Madrid (EFE).- The Spanish-Chilean Jorge Edwards, 1999 Cervantes Prize winner, died this Friday in Madrid at the age of 92.
Writer and journalist, he was an academic of Language in Chile and a corresponding member of the Royal Spanish Academy. He combined literature with regular collaborations in Chilean and international newspapers and conferences and courses at American universities.
Born on July 29, 1931 in Santiago de Chile, he trained with the Jesuits and later graduated in Law and studied in the US, at the Woodrow Wilson School of Public and International Affairs, at Princeton University.
Edwards mixed his literary career with politics and diplomacy, which he joined in the mid-fifties and from which he was expelled by the Pinochet dictatorship (1973-1990), which forced him into exile in Barcelona between 1973 and 1978.
His diplomatic career
In his diplomatic career he held different positions: he was a counselor in Lima and secretary of the Chilean embassy in Paris (when the poet Pablo Neruda was ambassador) and, in 2010, he held the position of Chilean ambassador in the French capital.
He was also head of the Eastern Europe department of the Chilean Foreign Ministry, took part in the Latin American common market project and served in the sixties for a few months as ambassador to Cuba, where he ended up being declared “persona non grata” by the island’s government. for his support of dissident writers.
Although he wrote his first book of short stories at the age of 20, diplomacy and politics absorbed him for a long time.
In 1974 he published “Persona non grata”, about his experiences in Cuba, which was censored in Chile and on the island.

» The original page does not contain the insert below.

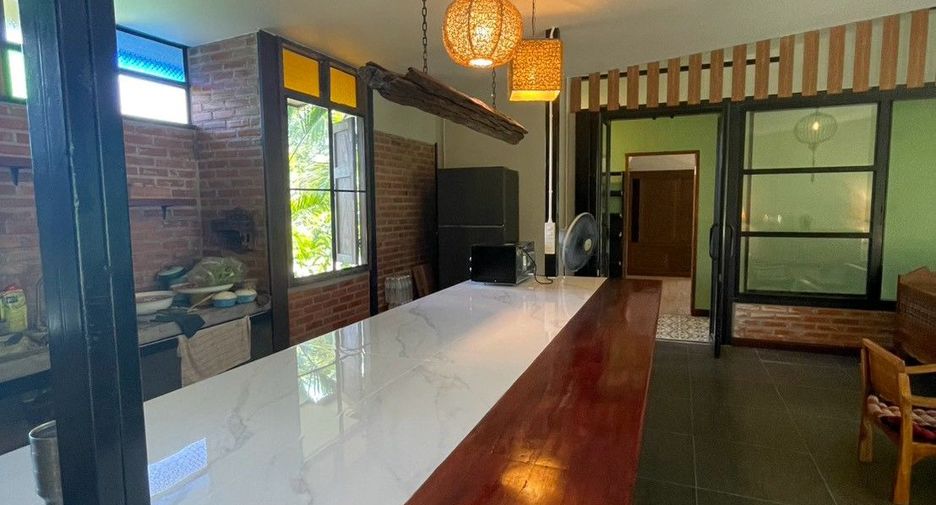For rent 2 bedrooms house in Mae Rim, Chiang Mai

This work was republished in 2006 with a new epilogue, entitled “The double censorship.”
A prolific writer, he was the author of books such as “Gente de la ciudad” (1961); “The weight of the night” (1964); “From the dragon’s tail”, with which he won the World Essay Award in Spain (1977); “The stone guests” (1978), about the Chilean exile; “The wax museum” (1982); or “The imaginary woman” (1989).

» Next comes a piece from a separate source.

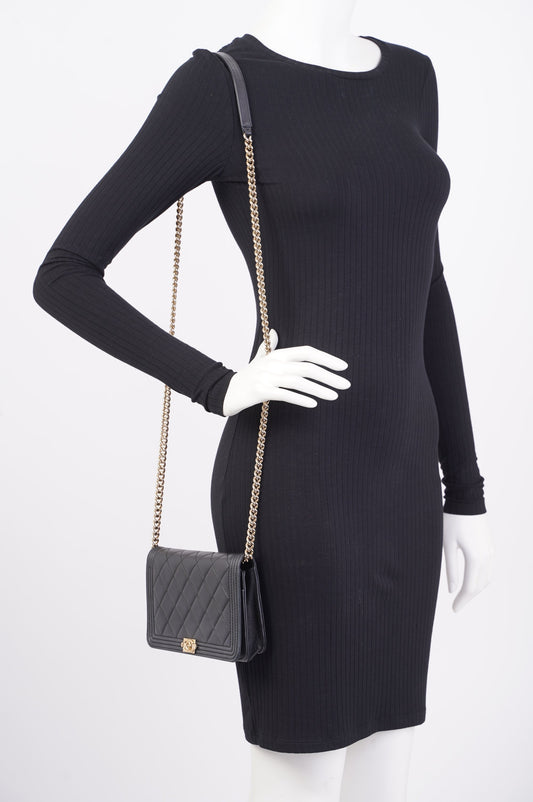 Chanel Wallet On Chain Crossbody Bag - Ewore Bags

Other titles of his were “Uncomfortable Memory” (1991); “Adiós poeta” (1991), Comillas Award for Biography; and “The origin of the world” (1996).
Latest novels by Jorge Edwards
His latest novels include: “The dream of history” (2000), “The useless family” (2005), “The house of Dostoyevsky” (2008), “The death of Montaigne” (2011), or ” The last sister” (2016).

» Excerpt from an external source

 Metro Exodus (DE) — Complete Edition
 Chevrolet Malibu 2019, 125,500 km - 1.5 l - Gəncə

In July 2015, the writer delivered two letters and three exemplary books of “El Patio”, “People of the city” and “Persona non grata” in the legacy that he deposited in the Caja de las Letras of the Cervantes Institute in Madrid.
Three years ago he published the novel “Oh, evil”, starring a young Pablo Neruda.
On the occasion of his 90th birthday, in an interview with EFE in July 2021 in Santiago de Chile, he indicated that he hoped to return to Cuba where he assured that they would receive him “as if Jesus Christ arrived.”
Jorge Edwards received the Chilean National Literature Prize (1994) or the prestigious Cervantes Prize (1999) in Spain.
Apart from these awards, he won the Silver Pen at the Bilbao Book Fair (2008) for his career, the Planeta-Casamérica Ibero-American Narrative Prize for his novel “La casa de Dostoievsky” (2008), the International Prize for Valladolid Cristóbal Gabarrón de las Letras Foundation (2009), or the González Ruano Prize for Journalism (2011), and in 2016 he was recognized with the Grand Cross of the Order of Alfonso X the Wise.